Le 07/10/13 17:43, Renato Forti a écrit :
> Hi All, In this email I would like to discuss some areas of
> Boost.Application.
> 01) Thread Pool functionality
> One of the most recurring requests is that Boost.Application should provide
> Thread Pool functionality.
> A flexible Thread Pool can be a complex thing, need provide schedule
> polices, grow/reduce polices, Shutdown policies, deadline s and many others,
> and then I think that this feature devotes your own Boost library.
> The Boost.Application can be integrated easily with one Thread Pool provided
> by third parties, or the user can make one "specific" (Not flexible/Complex)
> to your needs, e.g.: I make a simple work queue model using Boost.Asio and
> Boost.Thread that I plug on Boost.Application, see these tutorial:
> * Creating a Work Queue (Thread Pool) Application Using Boost.Asio,
> Boost.Thread and Boost.Application
> -Application-Usin
> My question is: The boost users think that Boost.Application must provide a
> complex Thread Pool to be accepted?

I don't think it is good to couple thread pools and your library.
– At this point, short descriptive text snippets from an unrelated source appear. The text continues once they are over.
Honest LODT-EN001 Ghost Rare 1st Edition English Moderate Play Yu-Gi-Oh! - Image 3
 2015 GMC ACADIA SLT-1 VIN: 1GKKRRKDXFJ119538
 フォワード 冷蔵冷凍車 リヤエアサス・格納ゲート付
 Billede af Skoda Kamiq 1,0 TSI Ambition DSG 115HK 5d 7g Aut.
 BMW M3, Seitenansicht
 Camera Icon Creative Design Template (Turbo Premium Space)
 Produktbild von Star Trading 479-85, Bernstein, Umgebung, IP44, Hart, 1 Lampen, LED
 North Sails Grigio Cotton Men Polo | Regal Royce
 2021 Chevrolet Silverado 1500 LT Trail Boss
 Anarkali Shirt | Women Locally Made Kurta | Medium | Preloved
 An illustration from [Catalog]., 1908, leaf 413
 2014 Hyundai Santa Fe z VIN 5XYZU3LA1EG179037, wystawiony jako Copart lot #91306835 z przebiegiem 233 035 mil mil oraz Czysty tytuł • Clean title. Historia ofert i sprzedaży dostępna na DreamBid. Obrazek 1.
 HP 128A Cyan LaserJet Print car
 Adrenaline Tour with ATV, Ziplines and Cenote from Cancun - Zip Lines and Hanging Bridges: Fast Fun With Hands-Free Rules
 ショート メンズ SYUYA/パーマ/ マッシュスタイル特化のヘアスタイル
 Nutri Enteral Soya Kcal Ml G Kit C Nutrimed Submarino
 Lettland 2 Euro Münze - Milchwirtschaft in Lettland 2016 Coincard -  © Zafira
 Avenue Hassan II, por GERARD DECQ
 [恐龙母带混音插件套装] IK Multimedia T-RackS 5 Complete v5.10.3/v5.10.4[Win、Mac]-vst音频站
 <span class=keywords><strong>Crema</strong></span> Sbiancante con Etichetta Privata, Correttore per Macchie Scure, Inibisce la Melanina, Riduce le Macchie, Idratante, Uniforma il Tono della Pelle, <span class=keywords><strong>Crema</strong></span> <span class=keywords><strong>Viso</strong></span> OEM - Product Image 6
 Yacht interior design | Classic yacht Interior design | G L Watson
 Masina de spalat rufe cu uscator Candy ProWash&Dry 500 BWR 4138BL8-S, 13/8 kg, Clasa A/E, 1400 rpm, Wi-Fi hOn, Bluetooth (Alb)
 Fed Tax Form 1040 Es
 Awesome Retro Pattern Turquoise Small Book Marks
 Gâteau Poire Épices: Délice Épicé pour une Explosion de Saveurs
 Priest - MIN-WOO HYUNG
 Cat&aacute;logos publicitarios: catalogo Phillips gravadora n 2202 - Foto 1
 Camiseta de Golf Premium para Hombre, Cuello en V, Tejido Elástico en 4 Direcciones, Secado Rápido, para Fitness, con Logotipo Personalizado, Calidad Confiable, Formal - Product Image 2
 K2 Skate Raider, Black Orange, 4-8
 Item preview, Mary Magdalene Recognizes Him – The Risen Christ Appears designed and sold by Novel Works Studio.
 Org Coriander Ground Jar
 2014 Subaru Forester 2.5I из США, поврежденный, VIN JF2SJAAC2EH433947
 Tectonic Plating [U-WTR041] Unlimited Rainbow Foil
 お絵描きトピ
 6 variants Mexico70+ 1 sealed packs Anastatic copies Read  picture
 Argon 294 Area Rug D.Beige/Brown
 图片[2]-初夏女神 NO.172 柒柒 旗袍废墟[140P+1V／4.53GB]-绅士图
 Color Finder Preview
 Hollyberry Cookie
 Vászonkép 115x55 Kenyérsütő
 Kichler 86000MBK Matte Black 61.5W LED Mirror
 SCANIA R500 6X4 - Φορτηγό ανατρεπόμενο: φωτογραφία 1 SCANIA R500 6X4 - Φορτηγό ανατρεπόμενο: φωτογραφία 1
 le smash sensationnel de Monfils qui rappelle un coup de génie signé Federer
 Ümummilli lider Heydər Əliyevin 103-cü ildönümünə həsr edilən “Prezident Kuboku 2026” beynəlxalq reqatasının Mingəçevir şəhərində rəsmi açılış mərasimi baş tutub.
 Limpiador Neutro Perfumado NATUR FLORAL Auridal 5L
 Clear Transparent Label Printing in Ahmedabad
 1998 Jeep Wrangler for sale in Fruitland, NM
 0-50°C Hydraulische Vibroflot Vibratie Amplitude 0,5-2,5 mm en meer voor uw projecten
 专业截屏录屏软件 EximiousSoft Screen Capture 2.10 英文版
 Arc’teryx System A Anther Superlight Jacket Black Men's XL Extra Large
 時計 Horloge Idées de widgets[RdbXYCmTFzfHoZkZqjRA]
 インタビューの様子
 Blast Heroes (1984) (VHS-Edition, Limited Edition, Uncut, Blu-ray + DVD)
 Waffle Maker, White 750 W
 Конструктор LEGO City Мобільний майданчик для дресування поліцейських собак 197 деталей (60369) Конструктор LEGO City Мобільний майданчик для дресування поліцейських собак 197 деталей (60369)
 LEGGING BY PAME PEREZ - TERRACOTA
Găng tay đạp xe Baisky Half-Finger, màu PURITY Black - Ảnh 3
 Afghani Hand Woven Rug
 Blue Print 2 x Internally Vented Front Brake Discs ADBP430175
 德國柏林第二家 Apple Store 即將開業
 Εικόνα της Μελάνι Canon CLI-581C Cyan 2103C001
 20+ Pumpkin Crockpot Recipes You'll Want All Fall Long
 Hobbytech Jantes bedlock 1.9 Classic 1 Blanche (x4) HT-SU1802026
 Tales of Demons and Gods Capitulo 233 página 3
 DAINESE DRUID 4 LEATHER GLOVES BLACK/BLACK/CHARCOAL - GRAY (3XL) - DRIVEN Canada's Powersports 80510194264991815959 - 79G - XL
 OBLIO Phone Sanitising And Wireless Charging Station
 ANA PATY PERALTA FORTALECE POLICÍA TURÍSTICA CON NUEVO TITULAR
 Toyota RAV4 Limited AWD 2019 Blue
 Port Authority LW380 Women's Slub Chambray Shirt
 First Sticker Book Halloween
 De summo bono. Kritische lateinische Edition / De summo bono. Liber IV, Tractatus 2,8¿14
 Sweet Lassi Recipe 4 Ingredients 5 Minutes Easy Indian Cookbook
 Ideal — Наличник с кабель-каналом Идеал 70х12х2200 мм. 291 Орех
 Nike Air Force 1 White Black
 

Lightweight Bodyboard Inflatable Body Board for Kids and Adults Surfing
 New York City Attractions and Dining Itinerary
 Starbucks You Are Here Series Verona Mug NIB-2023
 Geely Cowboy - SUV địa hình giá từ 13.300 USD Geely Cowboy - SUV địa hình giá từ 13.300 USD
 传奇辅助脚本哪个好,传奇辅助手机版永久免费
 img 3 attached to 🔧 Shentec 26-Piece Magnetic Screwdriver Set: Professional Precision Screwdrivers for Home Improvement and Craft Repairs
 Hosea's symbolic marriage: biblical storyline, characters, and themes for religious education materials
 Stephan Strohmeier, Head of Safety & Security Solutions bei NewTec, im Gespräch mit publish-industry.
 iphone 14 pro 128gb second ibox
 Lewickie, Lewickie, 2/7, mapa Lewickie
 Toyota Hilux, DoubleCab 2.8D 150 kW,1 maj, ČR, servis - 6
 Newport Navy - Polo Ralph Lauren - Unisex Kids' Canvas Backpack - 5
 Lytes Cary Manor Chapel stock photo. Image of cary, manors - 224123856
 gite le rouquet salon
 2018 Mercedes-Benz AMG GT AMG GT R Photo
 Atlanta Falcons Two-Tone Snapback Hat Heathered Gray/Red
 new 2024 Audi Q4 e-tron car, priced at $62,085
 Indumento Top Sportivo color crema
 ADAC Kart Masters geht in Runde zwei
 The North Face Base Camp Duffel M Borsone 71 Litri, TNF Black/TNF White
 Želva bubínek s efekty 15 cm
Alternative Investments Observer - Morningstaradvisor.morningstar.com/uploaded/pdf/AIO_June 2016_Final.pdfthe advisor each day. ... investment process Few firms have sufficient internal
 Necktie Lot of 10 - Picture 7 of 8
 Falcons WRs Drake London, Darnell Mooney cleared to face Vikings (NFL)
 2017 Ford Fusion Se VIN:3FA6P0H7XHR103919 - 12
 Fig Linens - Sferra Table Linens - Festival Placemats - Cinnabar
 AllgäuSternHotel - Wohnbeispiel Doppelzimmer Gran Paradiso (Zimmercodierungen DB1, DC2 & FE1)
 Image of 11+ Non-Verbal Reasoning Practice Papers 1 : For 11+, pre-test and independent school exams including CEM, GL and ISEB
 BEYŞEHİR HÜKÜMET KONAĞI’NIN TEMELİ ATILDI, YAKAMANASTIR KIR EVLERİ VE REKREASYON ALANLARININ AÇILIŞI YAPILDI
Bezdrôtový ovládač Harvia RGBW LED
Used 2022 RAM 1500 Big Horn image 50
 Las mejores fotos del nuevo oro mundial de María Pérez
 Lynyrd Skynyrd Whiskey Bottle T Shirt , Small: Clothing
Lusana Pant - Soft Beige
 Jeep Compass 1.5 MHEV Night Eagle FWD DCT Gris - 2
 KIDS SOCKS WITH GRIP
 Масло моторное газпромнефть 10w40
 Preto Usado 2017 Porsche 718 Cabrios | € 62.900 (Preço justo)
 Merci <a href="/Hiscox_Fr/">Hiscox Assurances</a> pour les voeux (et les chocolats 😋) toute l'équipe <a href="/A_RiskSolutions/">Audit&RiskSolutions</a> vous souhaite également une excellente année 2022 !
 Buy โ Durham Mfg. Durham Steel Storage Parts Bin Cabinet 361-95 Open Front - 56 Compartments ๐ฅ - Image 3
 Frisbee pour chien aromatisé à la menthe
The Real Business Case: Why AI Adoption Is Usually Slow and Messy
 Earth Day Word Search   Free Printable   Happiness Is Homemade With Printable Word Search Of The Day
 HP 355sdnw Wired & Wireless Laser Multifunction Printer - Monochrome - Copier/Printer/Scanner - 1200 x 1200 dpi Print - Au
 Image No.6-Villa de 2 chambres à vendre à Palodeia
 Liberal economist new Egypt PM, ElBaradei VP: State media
IMO the library provides several features that IMHO are orthogonal:

* different application modes interactive, daemon, ...
* signal management
* command line arguments and environment variables
* elapsed time

I wonder if these features/aspects of an application couldn't be
provided in a more independent way.


* At the bottom line, provide a way to instantiate specific aspects of
the single applicationcontext

  void application_ctrl::add<T>();
  T& void application_ctrl::get<T>();

* provide a simple way to provide different application modes
interactive, daemon, ...

  int application::server(fct);
  int application::interactive(fct);

* Provide a way to know if the application has been stopped, suspended
or running. We could associate a signal aspect with the application.
This signal class would allow to get the status of each one of the
signals managed, wait for a given signal to be ready or call a given
function on signal reception. E.g.




* command line arguments and environment variables: the main
functionality is already provided by Boost.ProgramOptions, You could
always create a class that takes the command line arguments and add them
to the application control as an aspect

* elapsed time. The user could use a specific stopwatch class


An example of main could be

int main(int argc, char *argv[]) {
   application_ctrl ctrl;
my_po& po = ctrl.add<my_po>(argc, argv);
   return application::as_server(ctrl, my_main);

The user can also use why not the singularity library to create a global
instance that can be seen from any part of the application

singularity<application_ctrl> ctrl;

application_ctrl& this_application() {
   return ctrl.get_global();

int main(int argc, char *argv[]) {
my_po& po = this_application().add<my_po>(argc, argv);
   return application::as_server(ctrl, my_main);

The advantages of this approach are:
* It is open: the user can add as many aspects as it needs.
* When used with the singularity library, all the aspects are accessible
from all the parts of the application, no need to pass the application
control parameter through all the functions.
* Different parts of the application can attach a callback on any signal.